I am nuts for mushrooms right now. I just finished a great book called Healing Mushrooms by Tero Isokauppila, who is a 13th generation Finnish farmer...thirteenth! This book is fantastic if you like mushrooms and want to know a little more. The movie “ Fantastic Funghi” is a must watch if you are the slight bit interested in mycology- the study of mushrooms. Fungi have their own kingdom like the plant and animal kingdom but it is bigger in terms of the number of species it includes. That’s something.

I am fascinated by mushrooms in general. Did you know that mushrooms communicate in the forests and wherever they grow by laying down a mycelium on the forest floor— this network of roots and material allows all plants and mushrooms in the vicinity to communicate and share nutrients when necessary with another deficient plant or tree? This allows them to donate nutrients, moisture and more to each other for their optimal vitality.

The facts never stop surprising me: Chaga or Czaga mushrooms grow on Birch trees in Siberia, and the temperature must get down to minus 30 degrees in the winter for them to thrive. The Birch trees with the chaga mushrooms growing on them are the ones that survive the winter. Woah. Not only that, a mushroom known as Armillaria ostoyae (otherwise known as, the Humongous Fungus) is the largest living organism on Earth, covering over 2,385 acres (almost 4 square miles) of the Malheur National Forest in Oregon.

Mushrooms are the original superfood – they boost immunity, increase energy, improve cognitive function and memory, decrease inflammation, improve sleep, decrease stress, and so much more.

Mushrooms can be used alone or in combination for the treatment of viral infections, cancer, autoimmune conditions, inflammation, dementia and much more.

They can often be misunderstood or shrouded in mystery as we have all heard a legendary tale about someone getting sick or even dying from eating the wrong mushroom. Then there are the psychedelic kind. What other food on this earth could induce a hallucination experience or help you connect to the cosmos? There is some evidence that our ancestors consumed psychedelic mushrooms which contributed to an increase in neural networks in the brain advancing intelligence.

The more common mushrooms you can find in your local produce department will do nicely for boosting Vitamin D, biotin, pantothenic acid, selenium, copper, and riboflavin levels. In addition to the nutrients that mushrooms have, there are numerous other benefits.

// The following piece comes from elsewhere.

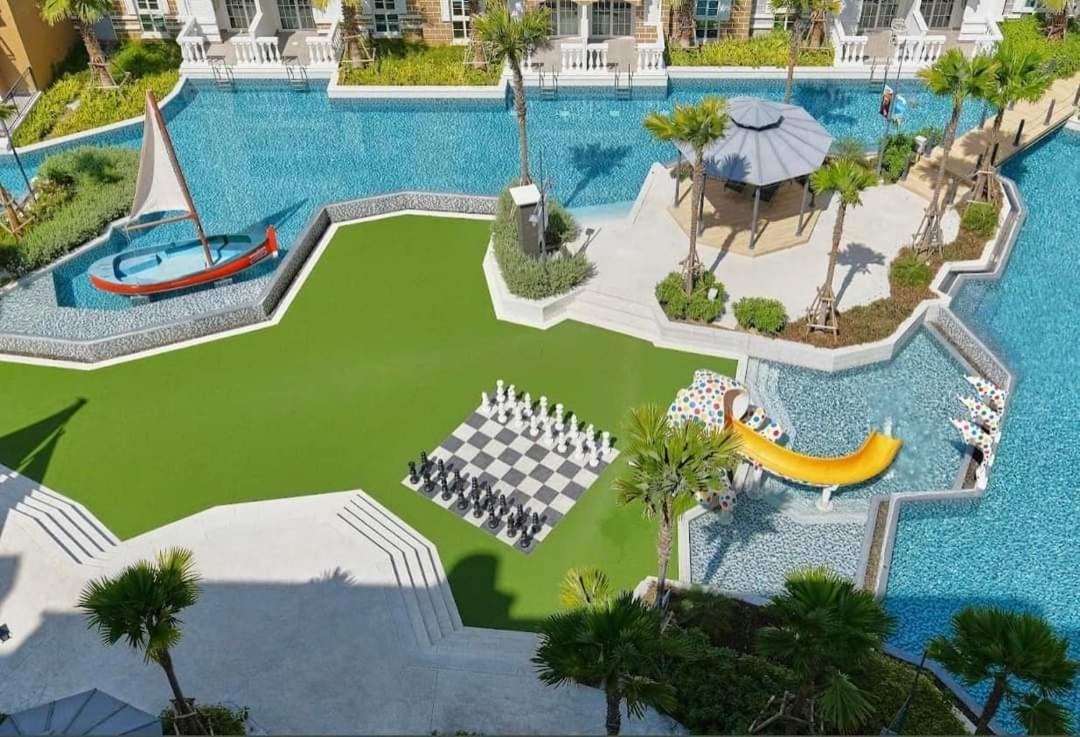 Apartment คอนโดสวนน้ำเซเว่นซี2 *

For example, for years I have watched my patients suffering with Lyme Disease replenish their neurons with Lion’s Mane, citing that they have better energy and less brain fog. Others claim that it gets them through their afternoon slump, and they can stay focused at work. Here are a few of the other benefits of these powerful fungi:


• Helps deep sleep

• Adaptogenic – stress reducer

• Support for seasonal allergies

• Lowers blood pressure

• Stabilizing blood sugar


• Immune support

• Beta glucans boost white blood cells

• Potent antioxidant

• Geno protective (protects genes)

• Anti-viral

• Anti-bacterial

• Anti-fungal

Lion’s Mane

• Memory

• Cognition

• Sustained focus

• Protects Nervous System


• Sustained energy

• Reduce fatigue

• Athletic performance

• Alleviate Bronchitis/Asthma

There are many products on the market now that make it easy to get these extracts in one’s diet every single day. Adding a little Chaga whole plant extract to your daily coffee is a way of getting these powerful mushrooms into your diet. Reishi tucks me in every night, and I usually try to get a Lion’s Mane in one other time of the day. I have been putting them in my smoothies, adding them to tea, or drinking straight up with a little Ripple (plant based half and half). Of course, it is also fun to try each of the varieties of mushrooms at the grocery store: shitake, maitake, enokii, and oyster are all delicious additions to any meal.